İsrail de, İran da Türkiye’nin bir istihbari denge kurması gereken ülkelerdir. Bu açıdan bakıldığından Türkiye; istihbaratı İsrail ya da İran’la yerine göre satranç, yerine göre poker gibi oynama eğilimindedir.

İstihbaratta, özellikle de kontr-espiyonajda hangi taşı ne zaman oynamanız gerektiğini ve daha ötesi bunun karşılığında gelecek hamleyi, hatta sonraki hamleleri hesaplamak; satrançla uyumlu bir stratejidir. Bazen de istihbaratta eliniz kuvvetli olmasa bile eli güçlü bir poker oyuncusu gibi ofansif, ama sakin ve dengeli taktikler uygulamanız gerekir. Bütün bu strateji ve taktiklerin, istihbari manada zaten bir dünya savaşının içinde olduğumuz şu süreçte ülkeler ve servisler arasında yerine göre konjonktürel ittifaklarla yürütülmesi gerektiği de açıktır. İsrail’e, Mossad’a karşı ayrı bir denge gözetilirken İran’a, dolayısıyla MOİS’e karşı ayrı bir denge kurulabilir.

Bir süredir Mossad’ın Türkiye’deki stajyer casuslarını enseleyen Milli İstihbarat Teşkilatı (İbrahim Kalın’ın MİT Başkanlığı’na gelişinden sonra bu operasyonlar daha da arttı) diğer yandan İran gizli servisi MOİS’in Türkiye’de yaşayan bir İsrail vatandaşını öldürmeye çalışan ajanlarını da yakalamıştır. Mossad imzalı bir suikastla öldürülen bilim adamı Muhsin Fahrizade’nin intikamını almak için harekete geçen İranlı şebekenin hedefindeki kişi hem Türk, hem de İsrail vatandaşı olan bir Yahudi idi. Türkiye, kendi vatandaşını bu noktada korumuştur.

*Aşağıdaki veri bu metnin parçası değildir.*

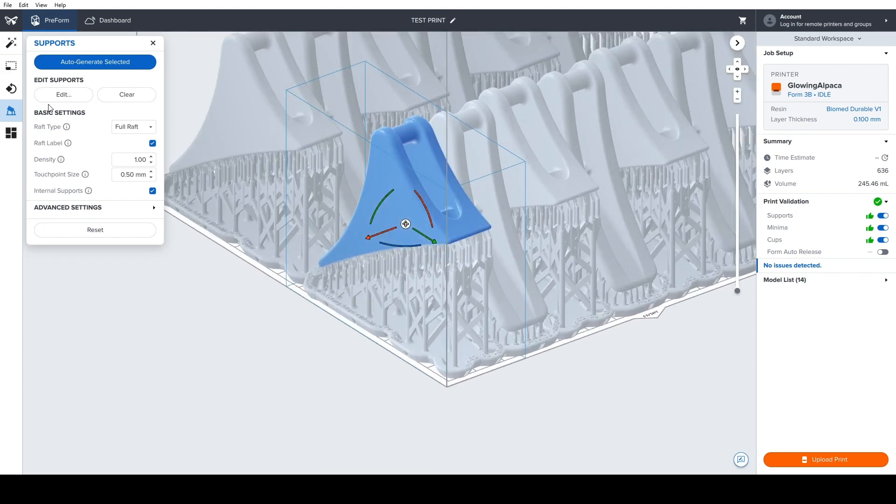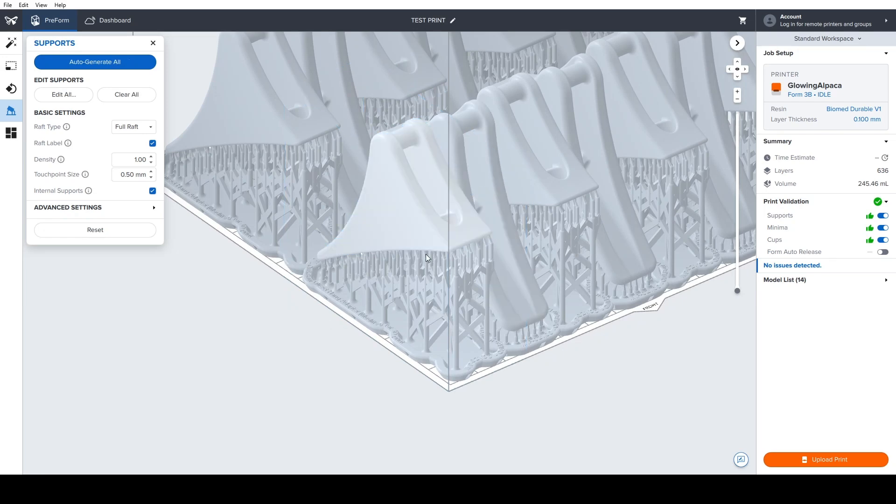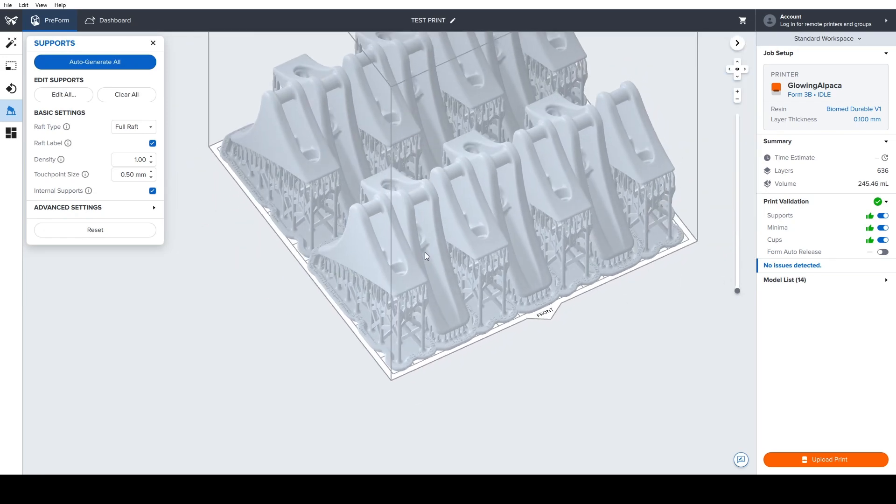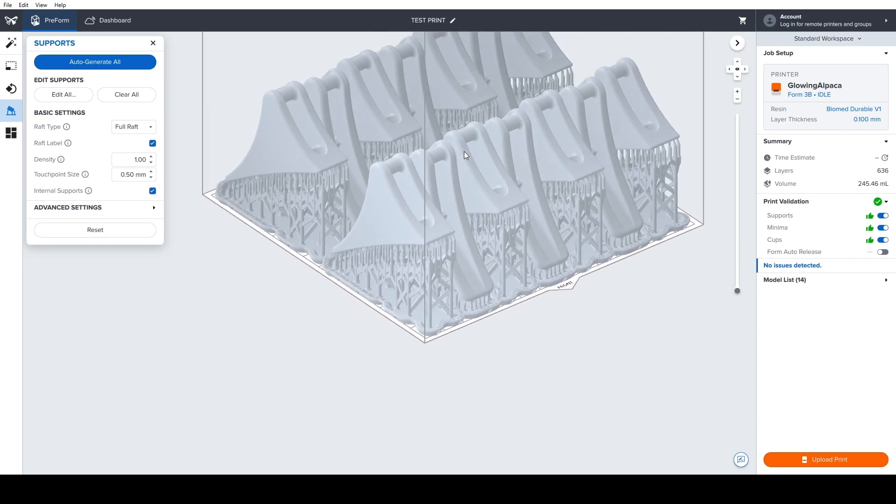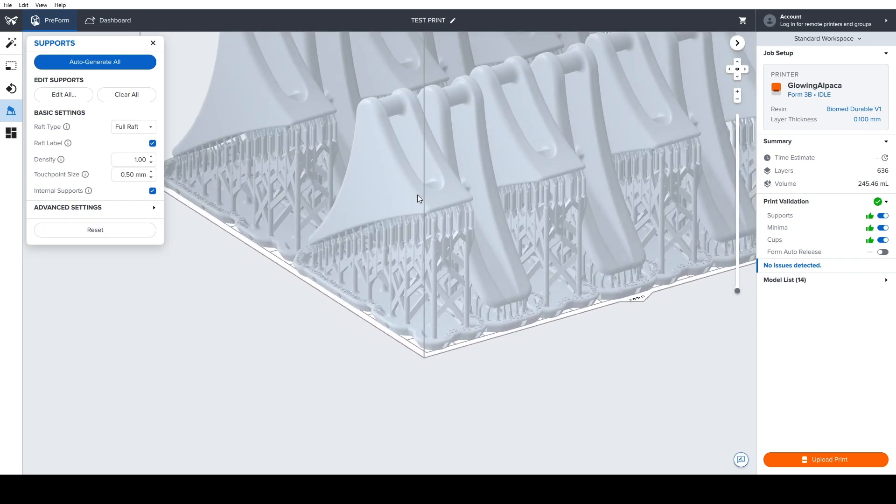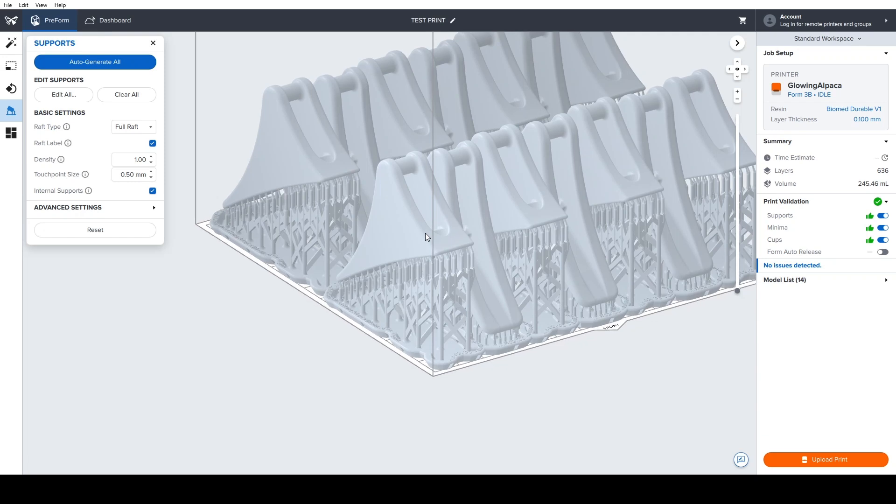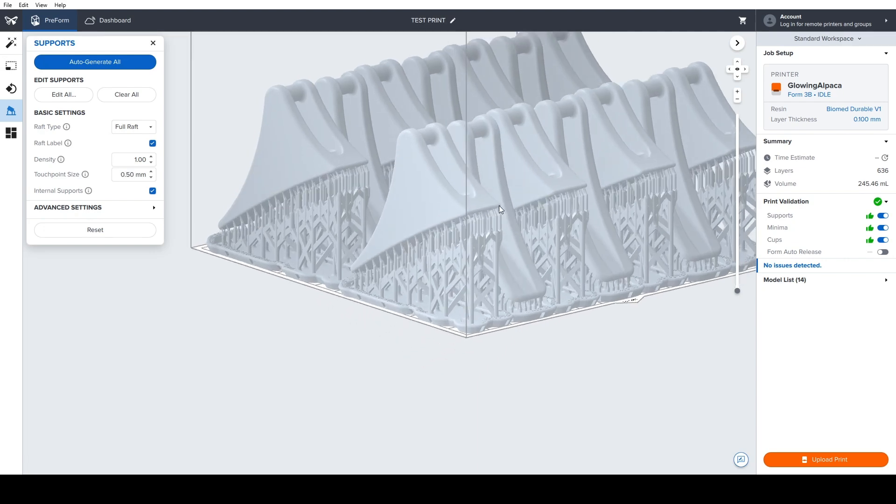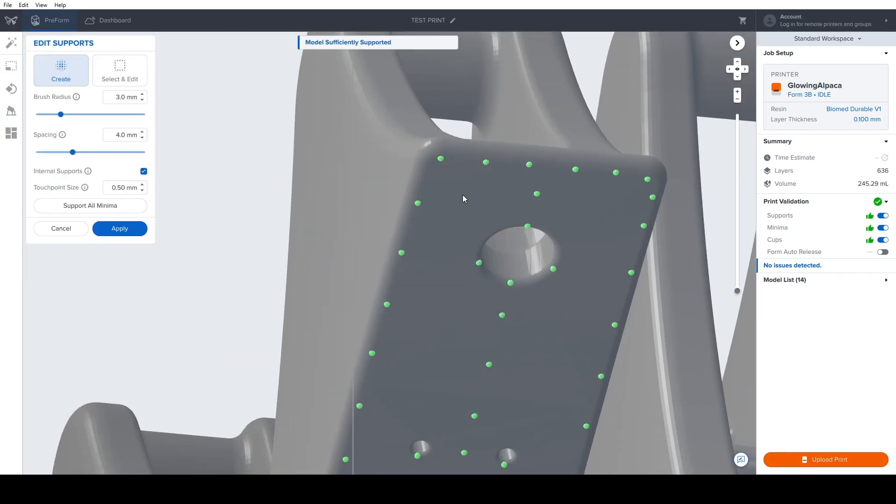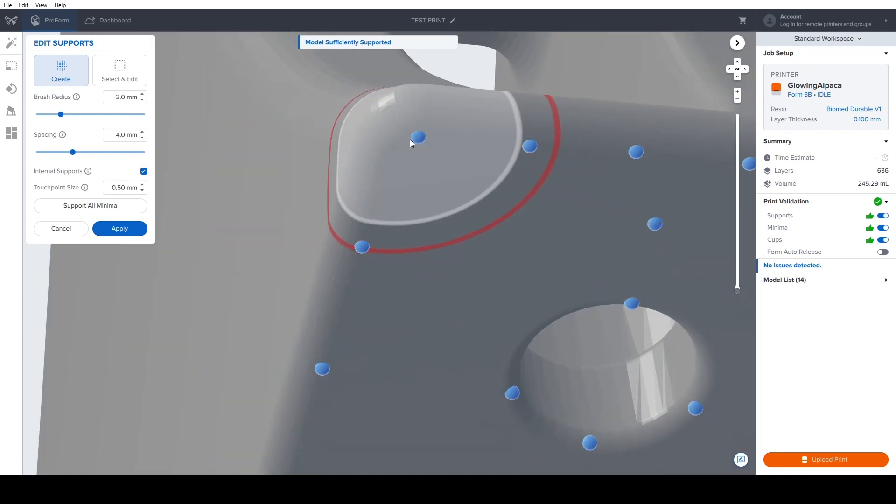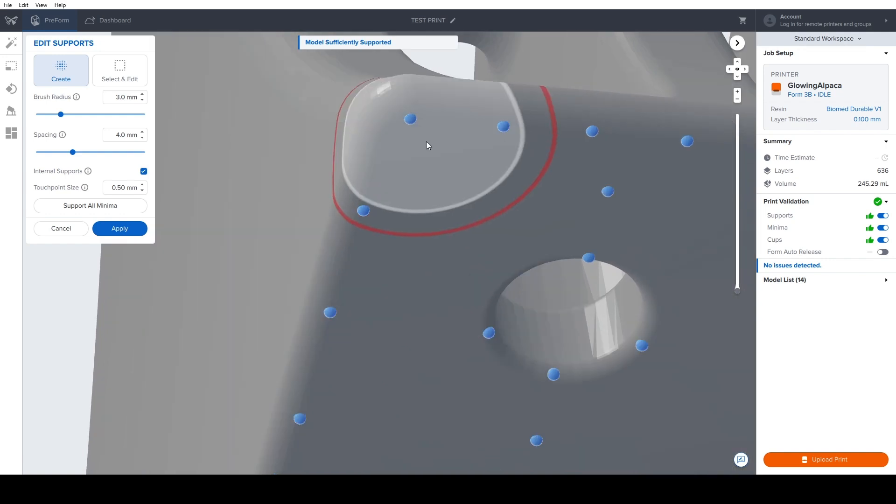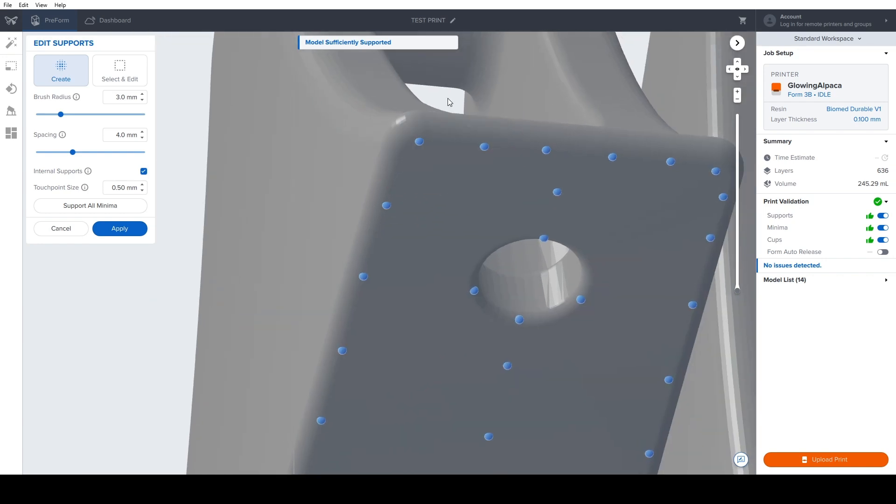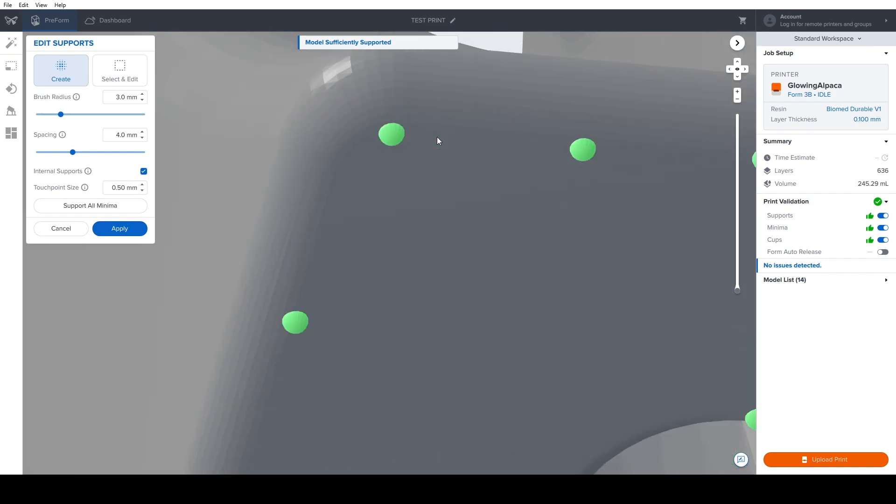So with different resin types, the support touchpoint size will be different. Formlabs is generally very conservative about these numbers because they basically want to maximize success rates over ease of post-processing. Now for somebody like myself who has a ton of experience printing with Formlabs machines, I routinely make these touchpoint sizes very small, basically as small as they'll go. So if we go into the support settings, Preform used to show you what the actual touchpoint size is when you would select one or all of the support touchpoints. It no longer does that after a certain update, which is a little annoying, but not that big of a deal. So we will just compare visually instead.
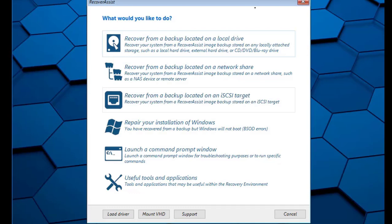Now, let's get back to our recovery of a Hyper-V server from a backup on an external USB drive. We will proceed by clicking the Recover from a Backup Located on a Local Drive option.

Günümüzde İran Servisi, Alman Anayasayı Koruma Teşkilatı’nın (BfV), bir başka deyişle iç istihbarat teşkilatının 2018 yılında hazırladığı rapora göre Rusya, Çin ve Türkiye servisleriyle ile birlikte Almanya’da en çok operasyon yürüten gizli servistir. 387 sayfalık mezkûr raporda Türkiye, Almanya’da casusluk faaliyetleri yürüten dört ülkeden biri olarak nitelendiriliyor. Ne var ki bu raporda yer alan bilgi ve analizlerin bir kısmı yersiz bir ‘Türkofobi’ye de dayanmaktadır.

 

İSTİHBARATIN BİR KISMI DA ALGIDIR.

Ama istihbaratta -işte işin poker kısmı bu noktada devreye giriyor- bazen algı gerçekten daha önemli hale gelir. Misal İsrail gizli servisi Mossad, o derece güçlü olmadığı halde ‘Çok güçlü bir servis olduğu’ yönündeki algıyı yıllar yılı işine geldiği için kullanmıştır.

Türkiye, bu tür yollara tevessül eden bir istihbarat mantalitesine sahip değildir. Ne var ki çok değil, bundan 44 yıl önce hükümetin darbeyi bile ülkemizdeki herhangi bir istihbarat kaynağından değil de İran’dan öğrendiğini hesaba kattığımızda geldiğimiz nokta önemlidir.

Milli İstihbarat Teşkilatı’nın, Türk Silahlı Kuvvetleri’nin komuta kademesinin 1960, 1971 ve 1980 darbelerinin planlarını sorumlu olduğu başbakanlara bildirmemiş olması istihbarat dünyasının dışına taşmış, herkesin bildiği bir sırdır. En bilinen örneklerden biri, 1971 yılında hükümetin cuntanın darbe planını Türk gizli servisinden değil, İran gizli servisi SAVAK’tan öğrenmiş olmasıdır. 1971 yılında dönemin Dışişleri Bakanı İhsan Sabri Çağlayangil, Şah Rıza Pehlevi’nin davetlisi olarak İran’a gittiğinde, Şah görüşme sırasında Çağlayangil’e “Birkaç ay içinde ordu Türkiye’de darbe yapacak” demiştir.

Bu, bir istihbarat zaafı da değildir; MİT vaktiyle ordu hegemonyası altında olduğu için darbeleri seçilmiş hükümetlere bildirmemiştir.

Şimdi durum farklıdır, Türk istihbaratı 2005’ten itibaren başlayan bir evrimle, 2010 ve 2016’daki sıçrayışlarla dâhili bir gizli servis olmaktan çıkmış, bölgesinde/periferisinde ve giderek küresel ölçekte etkili gizli servislerden biri haline gelmiştir. Gelgelelim bu etkiyi korumak için, özellikle şimdiki gibi puslu zamanlarda (İran Cumhurbaşkanı İbrahim Reisi’nin ölümü başlı başına havayı puslandıran bir olay) poker ve satranç stratejilerinin aynı anda uygulanması elzemdir.